I'm really not worried about Barbie hurting her, I'm worried about Barbie getting her pushy/spoiled little butt kicked by Darla. I don't know that Darla has ever been around dogs, and I don't know how well ferals adjust to that sort of thing.


----------



## Feral Fan (Feb 9, 2005)

Glad to hear that Darla's kittens are off to their new home, hopefully they are settling in well!

Darla is such a cutie and I'm happy to hear she can find a good home with you!

Probably the sooner you can get her home and settled (spayed as well would be good) then the sooner she will settle down. I think that given some time and patience she will fit in with your other animals and be a wonderful little pet. 

I would start Darla in a nice closed room (maybe for a week, maybe a couple days, maybe two weeks, you'll know when she is ready for the next step). If she has a nice small safe space to settle down in then the rest will be easier. It might seem kind of cruel to put her in a small space but it will actually make her feel safe, a big space with lots of scary smells right away can start you off on the wrong foot. The starter room can be a bedroom or even a bathroom. A litterbox, food and water, scratching post and a nice little hiding spot (a box or carrier covered in a blanket works well) will make her nice and happy in one room. The closed door will also allow her to "meet" the dogs through smell (and visa versa) and they will learn that the new smell is not hurting them. My thought is that if you end up moving pretty soon (within the month maybe?) then she would be ok in the starter room for that length of time and you can start her in another room when you move and introduce her from there (but I think you said it would probably be a lot longer?). It depends how quickly she seems to settle down as to how fast you move with letting her out and about. While she is in the room you can swap some bedding that smells like the dogs with her bedding getting them more used to the new smell.
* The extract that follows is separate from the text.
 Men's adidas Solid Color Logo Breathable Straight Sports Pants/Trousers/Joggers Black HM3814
After she is settled into a starter room then introducing her to the dogs through a baby gate is a GREAT idea!!! Maybe do so one at a time, and start with the dog who is the calmest or easiest to introduce to. Then you can see her reaction. Don't force the introduction, let them investigate for themselves. DO make sure to be close at hand keeping a careful watch at all times. If you think the dog might leap the gate (or is able to) you can also use a leash.

Ferals usually adapt fairly well to animals but you never know if she has had a bad experience with a dog so moving slowly will be good. She will probably have a harder time adjusting to living in a house. Another reason to keep her in a smaller room is that it might scare her quite a bit, but she will calm down and while she does you can keep track of her. Ferals just kinda need to learn about living in houses.
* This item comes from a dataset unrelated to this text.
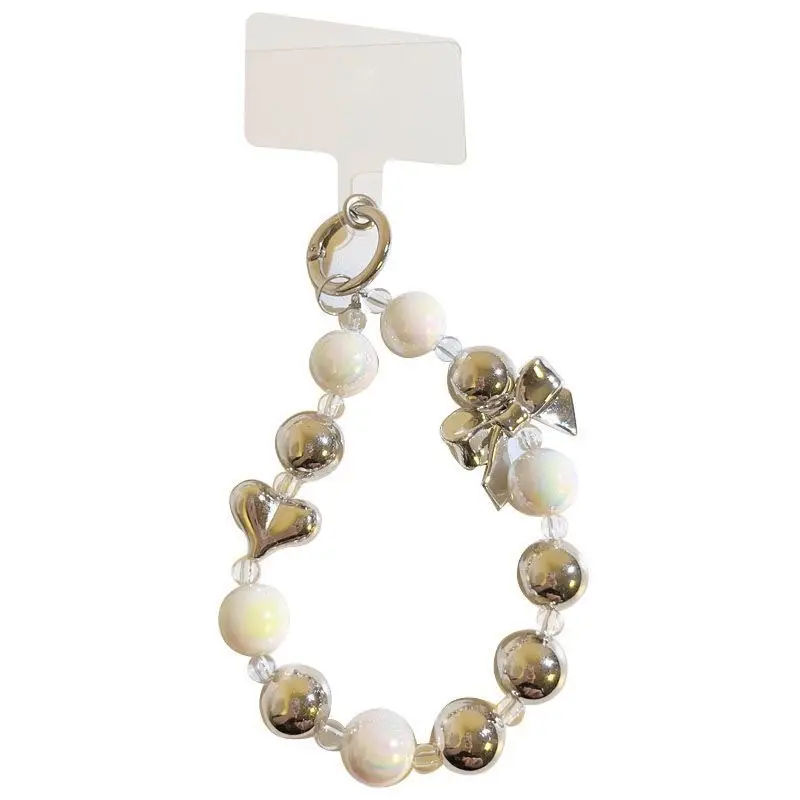 Korean Style Beaded Bracelet with Pearl & Crystal Accents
I would urge you to think about keeping her as an indoor cat. I know that she is used to going outside right now but she would adapt to being indoors. My three are all feral (or were until recently) and have adjusted very well to being indoors only. In fact they don't rush the door or show any signs of wanting to ever go out again. There are many, MANY dangers to cats that go outside. I won't go into them because there are a lot of topics on this forum that go into a lot of details. It is a debate here on occasion and you will find members on either side so I will let you look at those posts for yourself. I tjust hought that I would mention that a feral cat can lead a happy and healthy, long life indoors while there are various dangers outside.

Best of luck in this new adventure! Getting a new pet is very exciting I hope it goes well for you! You will have to post lots of pictures of this little cutie!!!


----------



## Nell (Apr 7, 2005)

Any updates on Darla? I would love to know how things worked out.


----------